Reflection Spot 3: Campus Impressions

This Saturday brings us a long-awaited dose of brightness and relative warmth; rarely do I let a day like this go by without a stop at my spot on the bridge. The bricks are chilly against the bottoms of my feet, but the sun grins above. Conditions are perfect for precisely the things that are happening: a track meet bringing students from all over the country to our campus, and a flurry of tours for prospective families. From my lakeside perch, I overhear conversations from the endless stream of runners breezing by and from bright-eyed applicants evaluating a potential new home. And they almost invariably center around our campus’s leafy aesthetic, particularly the lake.

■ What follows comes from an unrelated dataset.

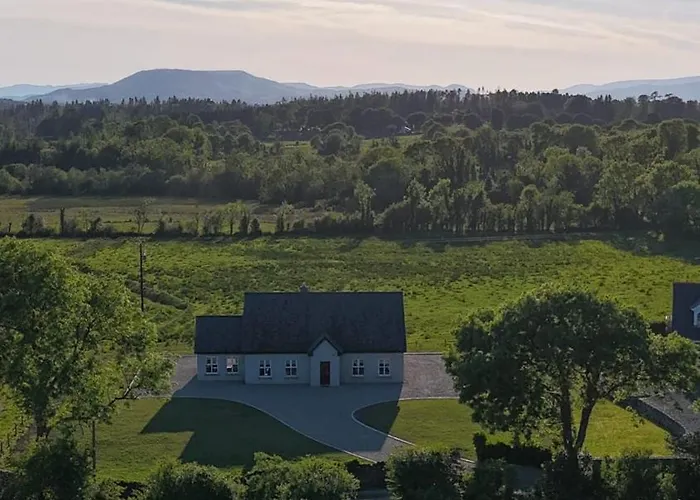 펜션 The House, Cong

Struck by the almost all-consuming role natural features are playing into these first impressions of our campus, I’ve been thinking back to my own initial encounter with UR. I was here for a tour with my parents over the summer, and with the student body decimated a visual impression was pretty much the only one I could come away with. The lake and the trees still stick out in my memory as essential elements of my notion of Richmond—this, of all the schools I visited, was the place in which I could feel I existed in an ecological space, part of both a natural habitat and the fabric of a city. When I visited again right around this time of year, I was even further won over by the daffodils, spring bursting around every corner.

It’s disappointing to consider the ways my experience here hasn’t measured up to that first impression. Richmond manicures itself to a tee, but the more I’ve learned about the campus’s relationship with its watershed and the real ecological forces at work here, the more I realize needs to be done in order for UR to match up to the impression visitors come away with. I still love the daffodils (though I’ve learned I don’t get along with the pollen that accompanies them), but I hope my time at UR will involve a tangible shift in the authenticity of its nature-friendly image. And I hope especially that the projects our class is embarking on will contribute to that effort!